Allergy and Immunology
Azouz Research Lab

Azouz Research Lab

The Azouz Lab investigates the function and regulation of proteases in host defense and in the onset and propagation of inflammatory and allergic diseases. The function of proteases is irreversible and therefore highly regulated, particularly by protease inhibitors coupling to the proteases. Protease–protease inhibitor coupling limits the proteolytic activity and initiation of signaling pathways by the protease. Proteases and protease inhibitors are well known for their important regulatory roles in the coagulation system, fibrinolysis and complement system.
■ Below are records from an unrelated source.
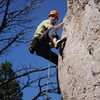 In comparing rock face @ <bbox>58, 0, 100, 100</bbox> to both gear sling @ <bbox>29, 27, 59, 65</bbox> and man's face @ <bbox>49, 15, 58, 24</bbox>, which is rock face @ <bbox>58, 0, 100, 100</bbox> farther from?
man's face @ <bbox>49, 15, 58, 24</bbox>

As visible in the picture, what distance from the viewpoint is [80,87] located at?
3424mm

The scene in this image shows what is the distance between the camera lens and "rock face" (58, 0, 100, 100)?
3.29 m

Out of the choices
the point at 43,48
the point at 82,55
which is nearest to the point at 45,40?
the point at 43,48

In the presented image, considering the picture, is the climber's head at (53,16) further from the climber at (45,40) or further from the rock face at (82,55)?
the rock face at (82,55)

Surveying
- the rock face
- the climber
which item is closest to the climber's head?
the climber

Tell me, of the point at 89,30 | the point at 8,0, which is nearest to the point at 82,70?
the point at 89,30

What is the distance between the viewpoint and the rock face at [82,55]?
3.29 metres

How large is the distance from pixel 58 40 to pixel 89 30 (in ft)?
3.21

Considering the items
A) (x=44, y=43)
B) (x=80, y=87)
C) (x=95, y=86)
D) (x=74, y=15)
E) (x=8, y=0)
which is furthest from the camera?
(x=8, y=0)

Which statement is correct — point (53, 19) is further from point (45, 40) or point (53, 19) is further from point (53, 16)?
point (45, 40)

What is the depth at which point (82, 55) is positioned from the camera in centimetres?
360

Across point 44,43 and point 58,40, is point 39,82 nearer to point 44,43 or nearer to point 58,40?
point 44,43

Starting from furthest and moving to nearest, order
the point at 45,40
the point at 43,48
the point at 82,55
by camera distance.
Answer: the point at 43,48
the point at 45,40
the point at 82,55

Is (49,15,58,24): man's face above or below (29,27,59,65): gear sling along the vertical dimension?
above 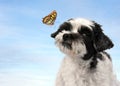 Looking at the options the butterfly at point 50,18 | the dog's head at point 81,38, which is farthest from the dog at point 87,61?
the butterfly at point 50,18

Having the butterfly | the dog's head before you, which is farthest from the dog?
the butterfly

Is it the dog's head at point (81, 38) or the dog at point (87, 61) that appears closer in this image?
the dog's head at point (81, 38)

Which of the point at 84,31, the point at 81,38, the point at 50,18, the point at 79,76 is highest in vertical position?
the point at 50,18

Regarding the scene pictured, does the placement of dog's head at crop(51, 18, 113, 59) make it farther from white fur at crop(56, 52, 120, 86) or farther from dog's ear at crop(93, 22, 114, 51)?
white fur at crop(56, 52, 120, 86)

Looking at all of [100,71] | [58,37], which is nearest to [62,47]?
[58,37]

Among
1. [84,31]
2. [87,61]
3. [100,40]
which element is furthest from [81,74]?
[84,31]

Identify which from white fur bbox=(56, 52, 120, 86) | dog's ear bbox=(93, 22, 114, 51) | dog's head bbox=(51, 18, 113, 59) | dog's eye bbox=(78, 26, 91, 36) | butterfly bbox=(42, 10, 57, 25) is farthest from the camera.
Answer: butterfly bbox=(42, 10, 57, 25)

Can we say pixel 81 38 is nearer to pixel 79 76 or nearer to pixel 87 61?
pixel 87 61

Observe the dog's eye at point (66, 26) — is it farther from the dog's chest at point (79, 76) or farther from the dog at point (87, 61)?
the dog's chest at point (79, 76) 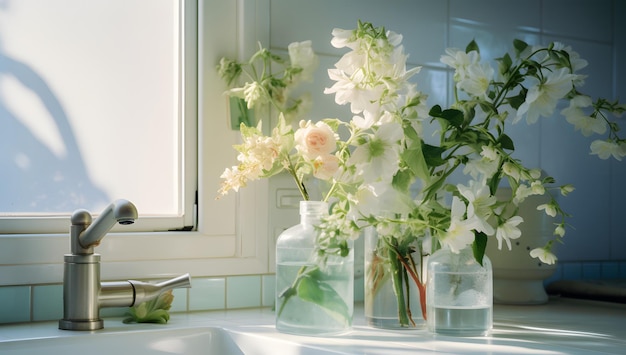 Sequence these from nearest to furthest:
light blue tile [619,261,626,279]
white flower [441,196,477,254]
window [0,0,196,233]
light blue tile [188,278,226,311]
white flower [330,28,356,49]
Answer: white flower [441,196,477,254], white flower [330,28,356,49], window [0,0,196,233], light blue tile [188,278,226,311], light blue tile [619,261,626,279]

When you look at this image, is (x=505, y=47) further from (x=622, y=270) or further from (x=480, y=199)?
(x=480, y=199)

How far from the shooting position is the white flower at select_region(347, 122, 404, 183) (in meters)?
1.18

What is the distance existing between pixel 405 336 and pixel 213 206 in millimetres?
505

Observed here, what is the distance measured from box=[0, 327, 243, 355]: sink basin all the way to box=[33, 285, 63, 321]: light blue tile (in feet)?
0.61

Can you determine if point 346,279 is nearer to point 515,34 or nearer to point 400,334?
point 400,334

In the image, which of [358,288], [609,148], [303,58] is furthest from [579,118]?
[358,288]

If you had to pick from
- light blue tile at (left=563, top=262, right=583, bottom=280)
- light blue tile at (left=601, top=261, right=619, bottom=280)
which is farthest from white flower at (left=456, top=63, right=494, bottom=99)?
light blue tile at (left=601, top=261, right=619, bottom=280)

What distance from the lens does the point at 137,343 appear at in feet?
4.27

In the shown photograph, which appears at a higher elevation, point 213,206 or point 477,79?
point 477,79

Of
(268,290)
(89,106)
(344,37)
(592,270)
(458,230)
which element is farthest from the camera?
(592,270)

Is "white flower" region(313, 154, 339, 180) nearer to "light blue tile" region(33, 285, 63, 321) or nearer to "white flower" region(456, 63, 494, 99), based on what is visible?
"white flower" region(456, 63, 494, 99)

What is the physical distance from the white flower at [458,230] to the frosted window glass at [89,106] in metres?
0.65

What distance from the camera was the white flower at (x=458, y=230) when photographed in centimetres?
112

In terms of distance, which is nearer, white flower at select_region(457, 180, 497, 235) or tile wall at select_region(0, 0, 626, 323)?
white flower at select_region(457, 180, 497, 235) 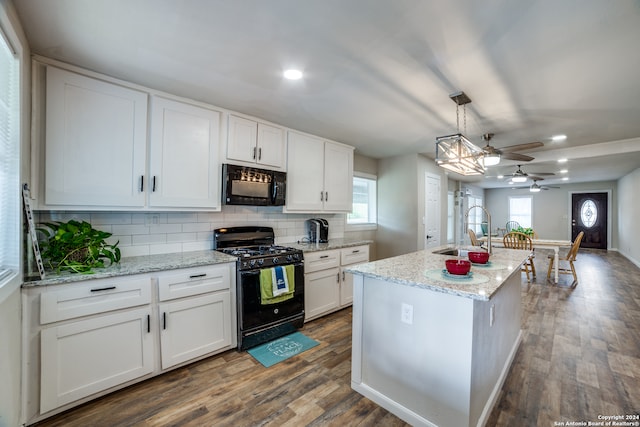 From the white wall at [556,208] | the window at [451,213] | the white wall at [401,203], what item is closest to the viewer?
the white wall at [401,203]

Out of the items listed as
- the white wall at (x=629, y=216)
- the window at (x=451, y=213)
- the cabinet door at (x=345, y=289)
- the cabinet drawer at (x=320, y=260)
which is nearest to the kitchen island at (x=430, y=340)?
the cabinet drawer at (x=320, y=260)

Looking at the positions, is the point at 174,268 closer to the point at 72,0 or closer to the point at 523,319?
the point at 72,0

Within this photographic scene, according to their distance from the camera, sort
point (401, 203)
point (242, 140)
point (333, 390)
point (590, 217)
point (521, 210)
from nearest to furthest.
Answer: point (333, 390)
point (242, 140)
point (401, 203)
point (590, 217)
point (521, 210)

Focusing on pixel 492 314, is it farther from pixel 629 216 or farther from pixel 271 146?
pixel 629 216

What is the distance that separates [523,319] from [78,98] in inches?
194

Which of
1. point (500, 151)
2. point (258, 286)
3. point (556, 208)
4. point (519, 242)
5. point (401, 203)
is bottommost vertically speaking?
point (258, 286)

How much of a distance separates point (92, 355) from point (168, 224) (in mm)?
1209

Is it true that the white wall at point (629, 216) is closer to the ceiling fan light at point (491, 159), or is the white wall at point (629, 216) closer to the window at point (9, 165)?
the ceiling fan light at point (491, 159)

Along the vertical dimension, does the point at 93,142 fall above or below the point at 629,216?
above

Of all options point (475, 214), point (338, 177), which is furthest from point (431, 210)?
point (475, 214)

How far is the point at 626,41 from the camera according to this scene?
5.60ft

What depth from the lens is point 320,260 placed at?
330cm

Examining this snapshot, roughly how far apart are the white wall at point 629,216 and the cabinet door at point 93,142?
966 centimetres

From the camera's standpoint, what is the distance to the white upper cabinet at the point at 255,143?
288 centimetres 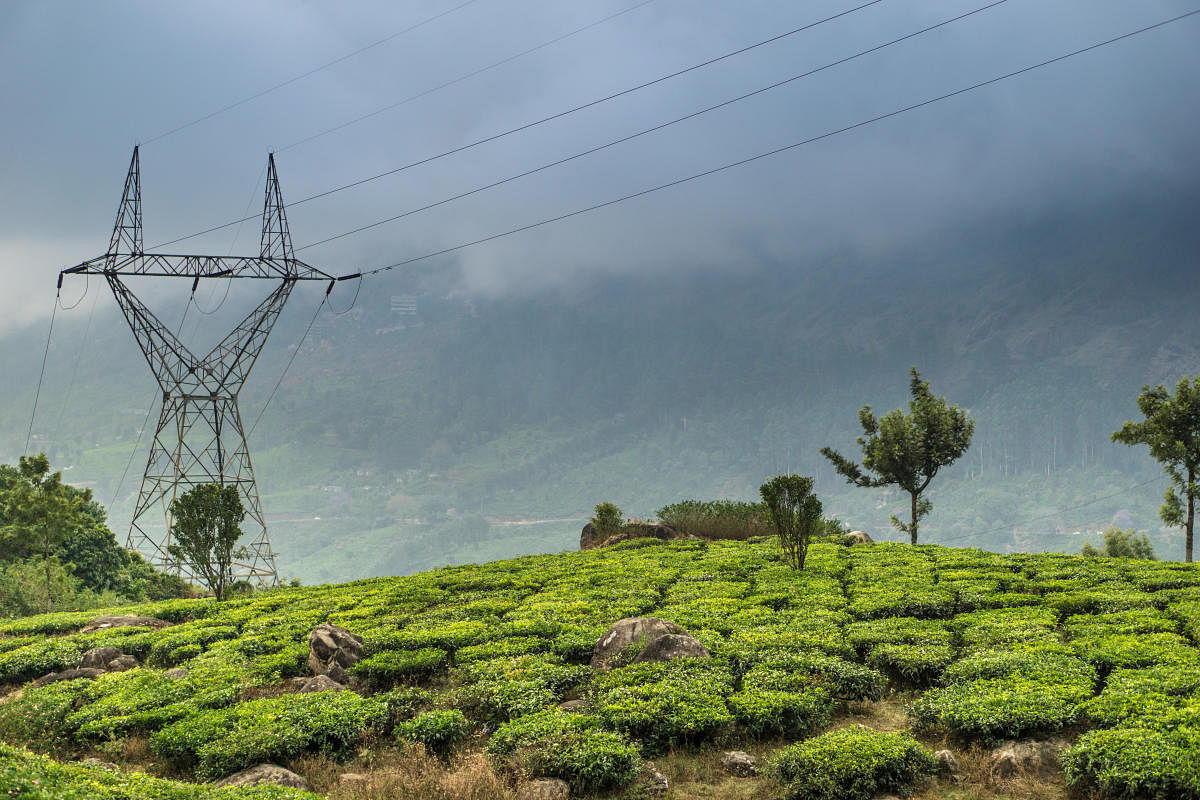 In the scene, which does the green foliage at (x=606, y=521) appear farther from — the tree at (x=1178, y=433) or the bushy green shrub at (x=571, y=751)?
the bushy green shrub at (x=571, y=751)

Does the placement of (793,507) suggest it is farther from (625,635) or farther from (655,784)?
(655,784)

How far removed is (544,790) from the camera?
1166 cm

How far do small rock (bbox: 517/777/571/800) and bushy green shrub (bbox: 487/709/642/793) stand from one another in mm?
280

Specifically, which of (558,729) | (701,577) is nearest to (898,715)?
(558,729)

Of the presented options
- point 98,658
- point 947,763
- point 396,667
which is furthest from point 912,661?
point 98,658

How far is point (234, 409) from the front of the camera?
152ft

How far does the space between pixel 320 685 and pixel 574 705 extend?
6.07 meters

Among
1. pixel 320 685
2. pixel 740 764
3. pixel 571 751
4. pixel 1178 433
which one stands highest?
pixel 1178 433

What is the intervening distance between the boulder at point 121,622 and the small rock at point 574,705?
65.6ft

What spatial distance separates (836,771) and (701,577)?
1727cm

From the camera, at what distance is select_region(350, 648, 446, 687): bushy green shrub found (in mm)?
18094

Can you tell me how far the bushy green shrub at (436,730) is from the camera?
13.9 m

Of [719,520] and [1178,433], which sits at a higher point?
[1178,433]

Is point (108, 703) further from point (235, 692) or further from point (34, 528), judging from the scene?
point (34, 528) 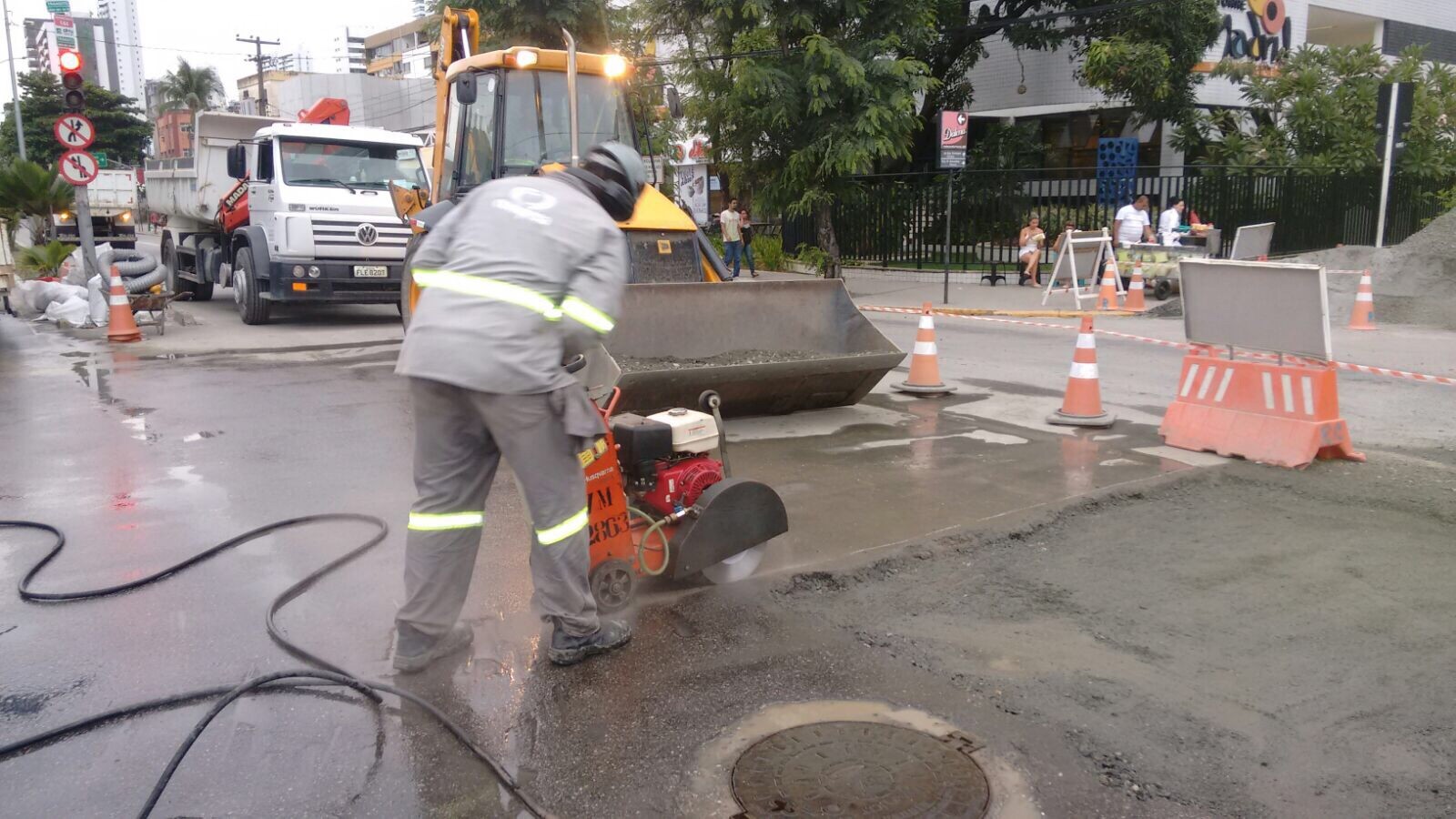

The Azouz Lab focuses on deciphering the role of proteases and their inhibitors in the epithelium as part of homeostatic and surveillance mechanisms. As loss of protease inhibitors and alterations of proteolytic activity lead to tissue damage and may exert a paramount signal in the development of inflammatory diseases, the Azouz Lab also focuses on deciphering the molecular mechanisms that disrupt the balance between proteases and protease inhibitors and developing strategies for controlling proteolytic activity as an approach to treat immune diseases.

Why do we investigate the epithelial barrier?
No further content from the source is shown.